WHAT YOU SHOULD DO> When copying the data below, keep only the lines from the one with "西松屋の2026/03/26から2026/04/07までのチラシはここ西松屋 - 子育て応援SALE" through the one with "ขวดน้ำหอม ขวดหยด-ขวดสเปรย์ ขวดแก้ว", word for word, and skip the pictures.

DATASET ENTRIES>
***

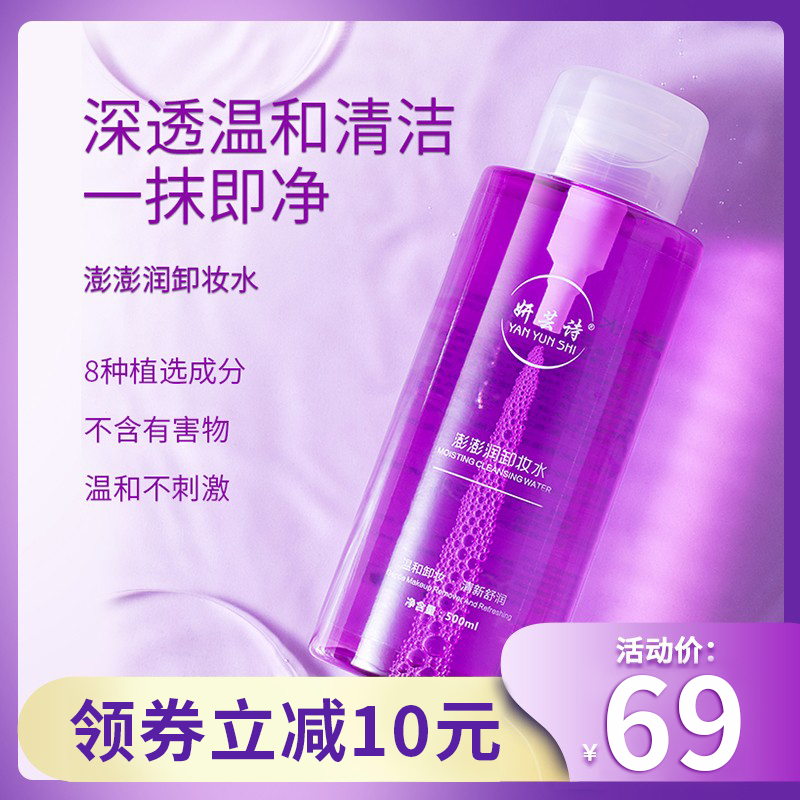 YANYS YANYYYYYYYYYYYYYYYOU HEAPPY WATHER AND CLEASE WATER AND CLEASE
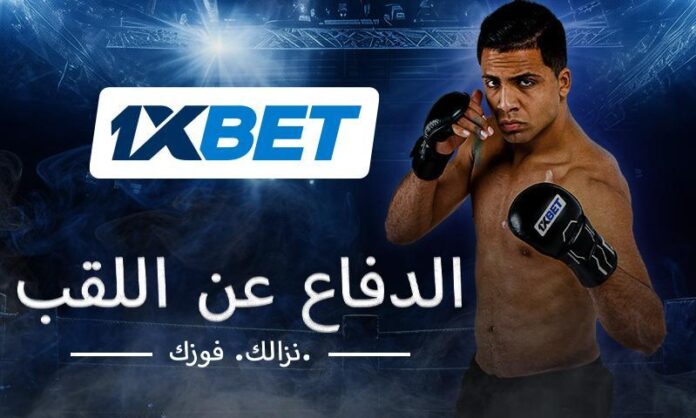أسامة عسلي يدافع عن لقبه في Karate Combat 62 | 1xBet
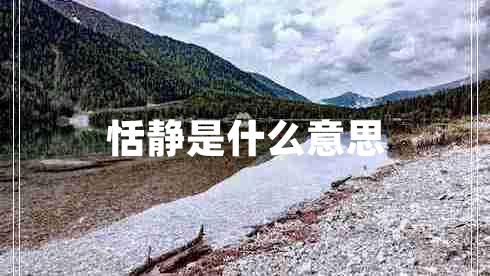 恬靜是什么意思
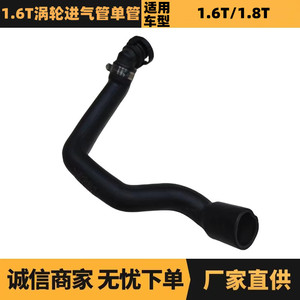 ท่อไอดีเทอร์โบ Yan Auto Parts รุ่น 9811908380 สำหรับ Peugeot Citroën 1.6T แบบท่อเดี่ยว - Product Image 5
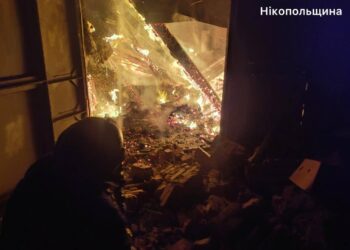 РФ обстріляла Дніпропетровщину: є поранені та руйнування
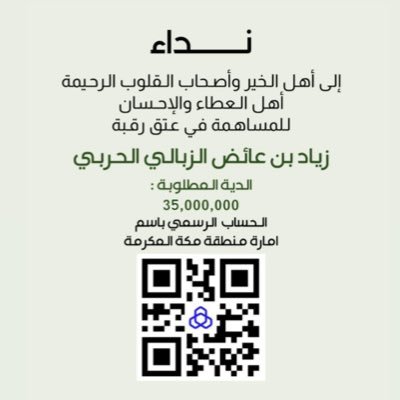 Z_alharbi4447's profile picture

***

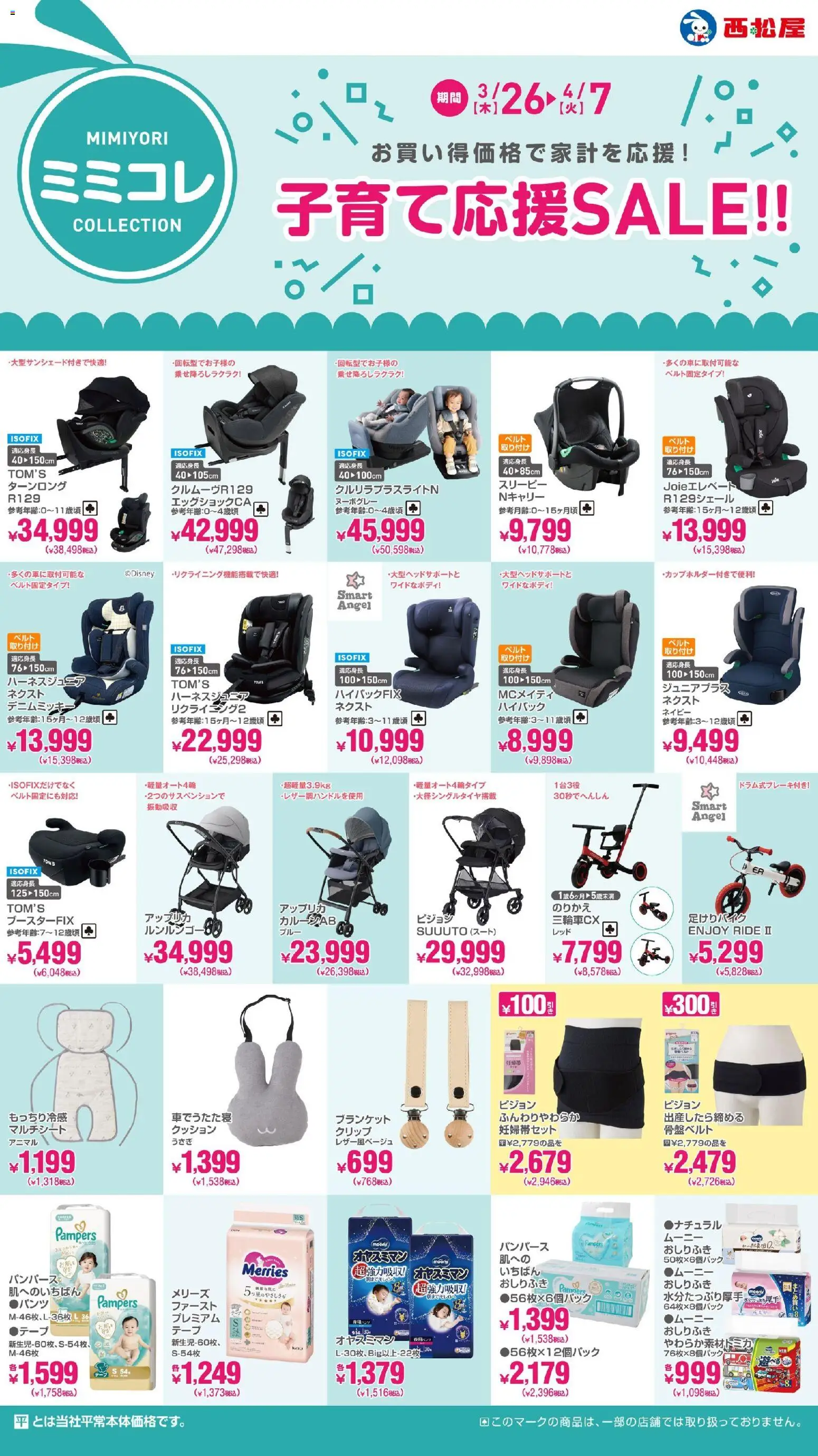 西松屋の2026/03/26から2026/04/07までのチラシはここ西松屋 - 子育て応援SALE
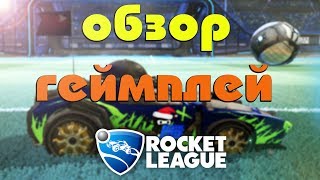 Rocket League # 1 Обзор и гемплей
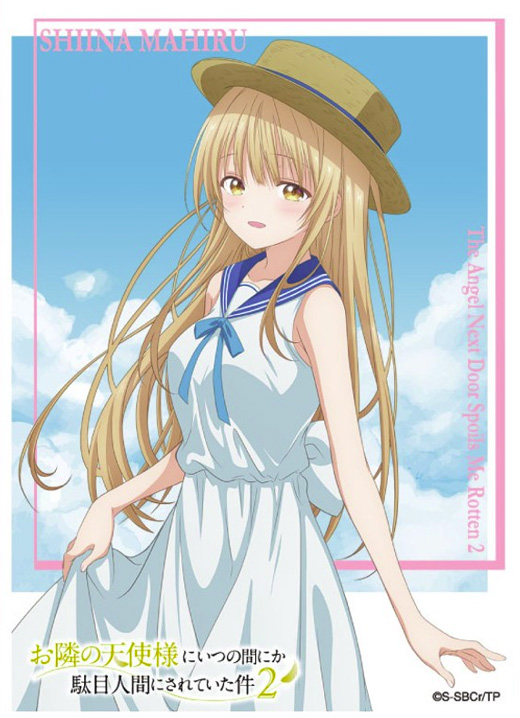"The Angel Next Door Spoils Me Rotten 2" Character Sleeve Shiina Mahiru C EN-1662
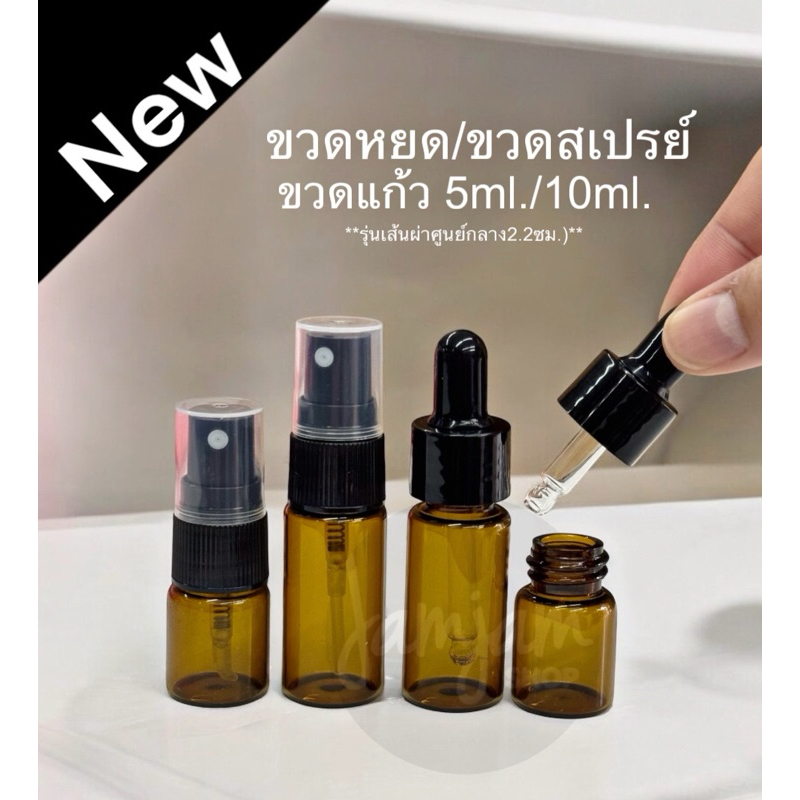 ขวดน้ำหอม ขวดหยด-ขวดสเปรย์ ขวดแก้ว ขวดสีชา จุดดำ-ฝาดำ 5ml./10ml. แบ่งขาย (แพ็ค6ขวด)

***

RESPONSE TO THIS EXERCISE>
 西松屋の2026/03/26から2026/04/07までのチラシはここ西松屋 - 子育て応援SALE
 Rocket League # 1 Обзор и гемплей
"The Angel Next Door Spoils Me Rotten 2" Character Sleeve Shiina Mahiru C EN-1662
 ขวดน้ำหอม ขวดหยด-ขวดสเปรย์ ขวดแก้ว ขวดสีชา จุดดำ-ฝาดำ 5ml./10ml. แบ่งขาย (แพ็ค6ขวด)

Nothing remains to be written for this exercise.